Он именует все религии - лавочка шарлатанов и эксплуататоров, поносит пап римских, епископов, архиепископов, иудейских раввинов и даже тибетского далай-ламу, "экскременты которого одураченная тибетская демократия считает целебным снадобьем".
В отдельном углу зала сидит служитель. Он брит, худ и спокоен. Вокруг него кучка людей - бабы, рабочие, довольные жизнью, бездельные солдаты. Служитель рассказывает о Керенском, о бомбах, рвавшихся под полами, о министрах, прижатых к гладким стенам гулких и сумрачных коридоров, о пухе, выпущенном из подушек Александра II-го и Марии Феодоровны.
Рассказ прервала старушка. Она спросила:
– Где, батюшка, здесь речь говорят?
– Антихрист в Николаевской зале, - равнодушно ответил служитель.
Солдат, стоявший неподалеку, рассмеялся.
– В зале - антихрист, а ты здесь растабарываешь...
– Я не боюсь, - так же равнодушно, как и
– Весело живешь, значит...
– Нет, - сказал служитель, подняв на солдата выцветшие глаза, невесело живу. Скучно с ним.
И старик уныло рассказал улыбающемуся народу, что его черт - куцый и пугливый, ходит в калошах и тайком портит гимназисток.
Старику не дали договорить. Его увели сослуживцы, объявив, что он после октября "маненько тронулся".
Я отошел в раздумьи. Вот здесь - старик видел царя, бунт, кровь, смерть, пух из царских подушек. И пришел к старику антихрист.
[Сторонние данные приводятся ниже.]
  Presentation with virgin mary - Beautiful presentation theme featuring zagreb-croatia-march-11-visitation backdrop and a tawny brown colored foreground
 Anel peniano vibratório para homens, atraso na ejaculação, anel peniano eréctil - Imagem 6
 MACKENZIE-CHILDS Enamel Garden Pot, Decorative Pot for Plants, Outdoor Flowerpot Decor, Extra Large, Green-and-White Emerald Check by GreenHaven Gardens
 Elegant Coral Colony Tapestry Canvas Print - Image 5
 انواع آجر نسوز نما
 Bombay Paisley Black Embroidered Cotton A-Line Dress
И только и нашел черт дела на земле, что мечтать о гимназистках, таясь от адмиралтейского подрайона.
Скучные у нас черти.
Проповедь Шпицберга об убиении господина Бога явно не имеет успеха. Слушают вяло, хлопают жидко.
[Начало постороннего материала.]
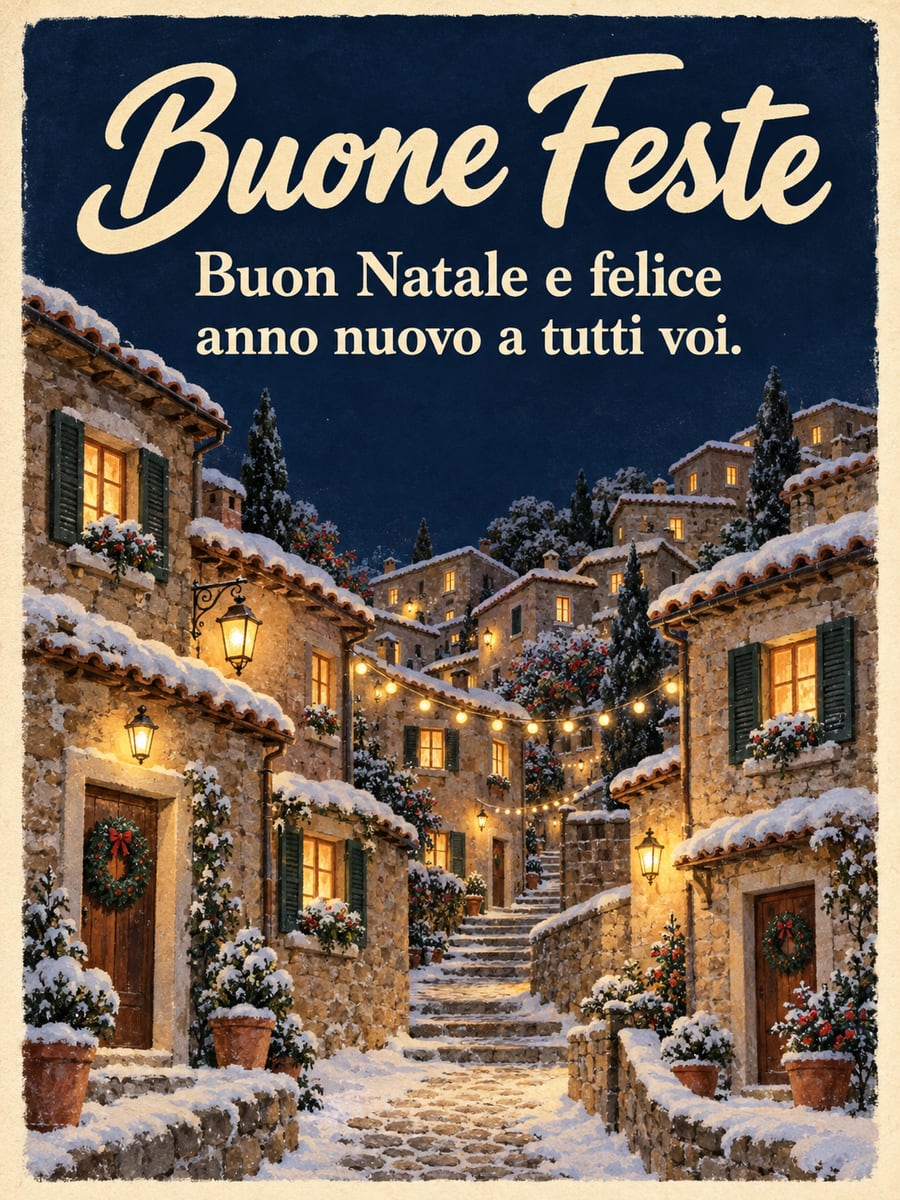 Immagine di Natale con la scritta «Buone Feste» e «Buon Natale e felice anno nuovo a tutti voi.» – borgo innevato, scalinata, lucine, ghirlanda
Не то происходило неделю тому назад, после такой же беседы, заключавшей в себе "слова краткие, но антирелигиозные". Четыре человека тогда отличились - церковный староста, щуплый псаломщик, отставной полковник в феске и тучный лавочник из Гостиного. Они подступили к кафедре. За ними двинулась толпа женщин и угрожающе молчавших приказчиков.
Псаломщик начал елейно:
– Надобно, друзья, помолиться.
А кончил шепотком:
– Не все дремлют, друзья. У гробницы отца Иоанна мы дали нынче клятвенное обещание. Организуйтесь, друзья, в своих приходах.
Сошедши, псаломщик добавил, от злобы призакрыв глаза и вздрагивая всем телом:
– До чего все хитро устроено, друзья.
О раввинах, о раввинах-то никто словечка не проронит...
Тогда загремел голос церковного старосты:
– Они убили дух русской армии.
Полковник в феске кричал: "не позволим", лавочник тупо и оглушающе вопил: "жулики", растрепанные, простоволосые женщины жались к тихонько усмехавшимся батюшкам, лектора прогнали с возвышения, двух рабочих красногвардейцев, израненных под Псковом, прижали к стене. Один из них кричал, потрясая кулаком:
– Мы игру-то вашу видим. В Колпине вечерню до двух часов ночи служат. Поп службу новую выдумал, митинг в церкве выдумал... Мы купола-то тряхнем...
– Не тряхнешь, проклятый, - глухим голосом ответила женщина, отступила и перекрестилась.
Во время пассии в Казанском соборе народ стоит с возжженными свечами. Дыхание людское колеблет желтое, малое горячее пламя. Высокий храм наполнен людьми от края до края. Служба идет необычайно долгая. Духовенство в сверкающих митрах проходит по церкви. За Распятием искусно расположенные электрические огни. Чудится, что Распятый простерт в густой синеве звездного неба.
Священник в проповеди говорит о святом лике, вновь склонившемся набок от невыносимой боли, об оплевании, о задушении, о поругании святыни, совершаемом темными, "не ведающими, что творят". Слова проповеди скорбны, неясны, значительны. "Припадайте к церкви, к последнему оплоту нашему, ибо он не изменит".